2) According to the records, the Defendant, after the instant accident occurred, has stopped without putting about 3 minutes off without getting off or getting off, was on board again on board the instant vehicle without checking only the situation of the collision part of the Defendant’s vehicle. In this process, the Defendant returned to the damaged vehicle and changed the accident site. Nevertheless, the Defendant did not move to the damaged vehicle, but stopped the vehicle at the entrance of the building by moving to the building on the opposite side with the damaged vehicle, and the Defendant was found to have suspended the afforestation of the black box. According to the above recognized facts, it is true that the Defendant failed to take all relief measures against the victims and attempted to escape from the site.

3) However, in light of the following facts and circumstances acknowledged by the record, even if comprehensive evidence submitted by the prosecutor was presented by the prosecutor, it is insufficient to deem that the defendant had an intention to flee or left the scene to have been proven beyond reasonable doubt, and there is no other evidence to acknowledge it.

(1) "Abstinence" under Article 5-3 (1) of the Act on the Aggravated Punishment, etc. of Specific Crimes means a situation in which it is impossible to confirm who caused the accident as a person who left the accident site before performing the duty provided for in Article 50 (1) of the Road Traffic Act, such as aiding the victim, even though the driver of the accident knew that he/she was killed or injured (Supreme Court Decision 2004Do250 Decided March 12, 2004).
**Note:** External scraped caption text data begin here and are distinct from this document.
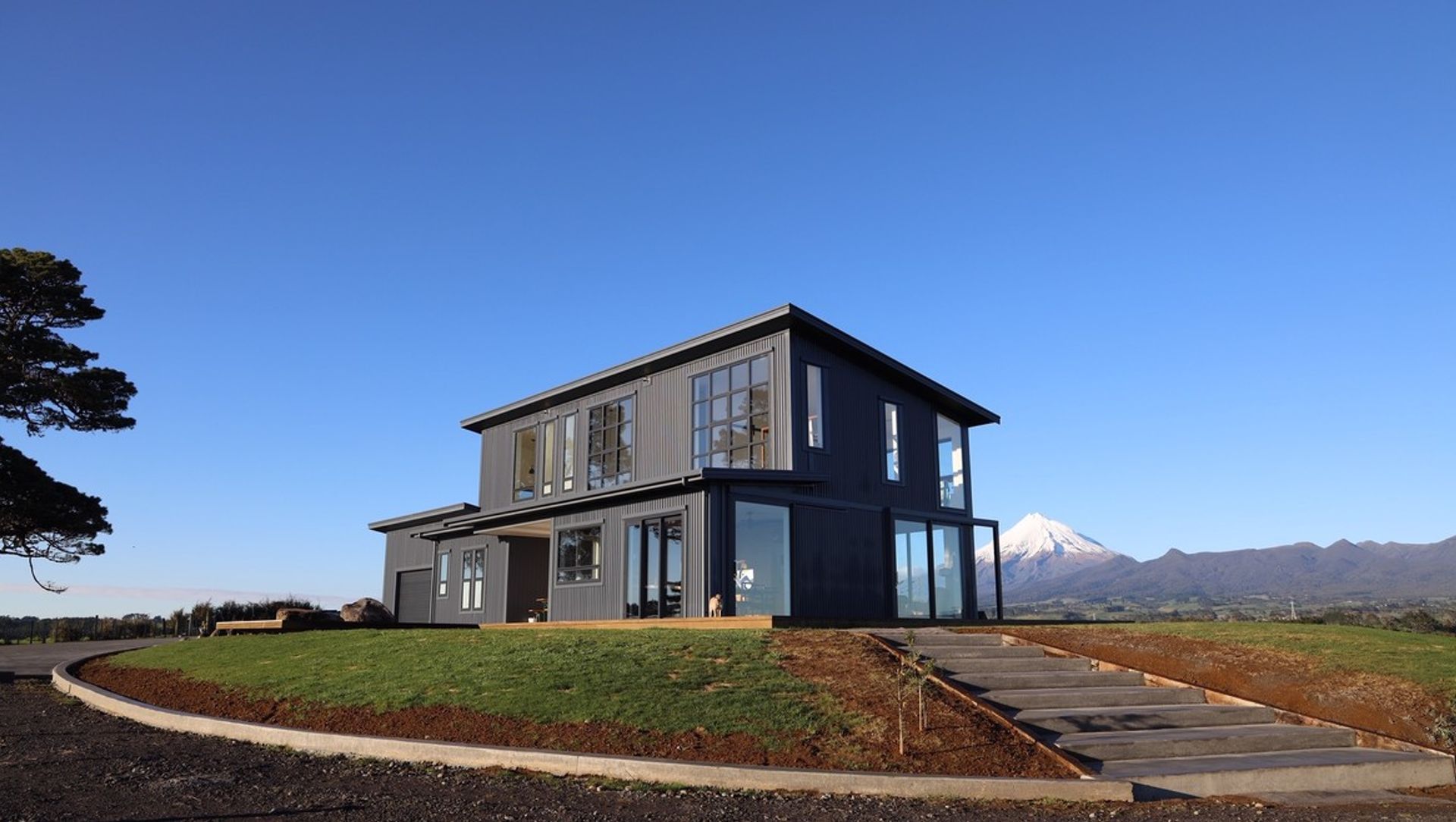 Mountain Views banner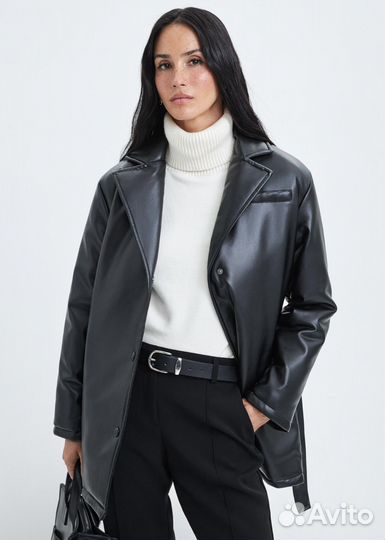 Куртка женская Zarina 44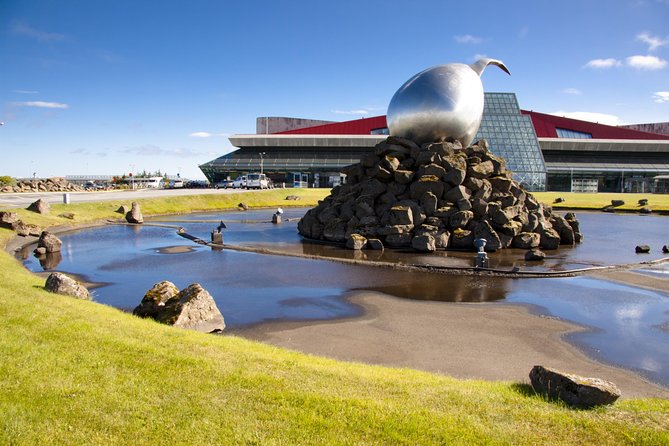 Private Airport Transfer between KEF Airport & Reykjavik - A direct 45-minute ride to Reykjavik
Meanwhile, the above victim relief measures are not necessarily necessary for the driver of the accident himself/herself, and even if another person takes relief measures in advance through a person under his/her control or prior to leaving the site (Supreme Court Decision 2005Do5981 Decided December 9, 2005).

② The building at the EBS head office where the Defendant moved the vehicle was immediately adjacent to the place where the primary collision occurred between the Defendant’s vehicle and the victim F vehicle, and the place where the damaged vehicle was located far away from the place where the accident occurred, depending on the location where the damaged vehicle stopped.

(3) The location where the defendant loaded a vehicle was not the inner or underground parking lot of the building, but the entrance of the building that could easily be discovered in the vicinity of the building, and no other circumstance exists to deem that the defendant attempted to conceal the vehicle.

④ The Defendant alleged that a police officer, who moved a vehicle to a building and was on training at the scene, was the driver of the vehicle involved in the accident, and that the police officer was subject to an investigation by moving the vehicle to the Suwon Police Station under the direction of the police officer.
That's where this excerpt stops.